In a roundtrip of 40 hours from base camp and back, Jozef “Dodo” Kopold made an audacious first ascent, solo, of the central pillar on the east face of Annapurna South. His route, completed in early April, tops out more or less at the ca 7,100m north summit, which was previously unvisited. From there he traversed the ridge southwest to the 7,219m main summit, returned to a low point on the crest where the 1964 Japanese Route—the original route on the mountain—emerges, and went straight down the southeast face through seracs, deep snow, and hidden crevasses. During the ascent he overcame difficulties of F5+ WI6 M5. His account appears earlier in the Journal.
There had been only two known previous attempts on this pillar. Sometime in the mid- 1980s three Japanese got part way up the route on an unauthorized attempt, before disappearing. Locals later discovered their tent below the face, but not their bodies.

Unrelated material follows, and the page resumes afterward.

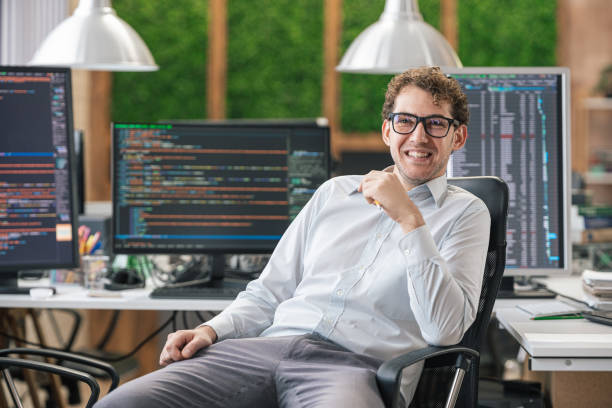 istock Portrait of smiling IT Programmer sitting near Desktop Computers. Male Specialist Creating Innovative Software. Engineer Developing App, Program, Video Game. Writing Code in Terminal 1451457183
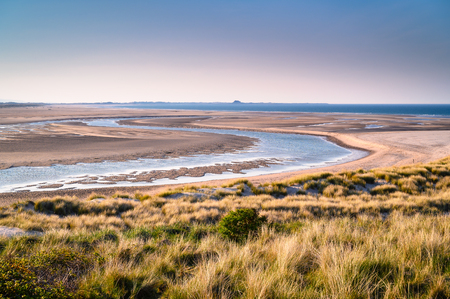 Budle Water meanders to the North Sea, the mud flats at Budle Bay at low tide are part of Lindisfarne Nature reserve on Northumberland's AONB coastlineの写真素材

This event was unknown to a six-man British team before its arrival in the Annapurna Sanctuary in the spring of 1989. Members of this group reached just over half-height on the pillar but were dogged by poor weather, poor climbing conditions, and illness. However, they were surprised to find a Japanese bolt at 6,000m while dry tooling around a steep bulge on one of the central rock bands. The British team thought the upper section of the pillar looked extremely hard, with very steep fluted terrain capped by a difficult rock band.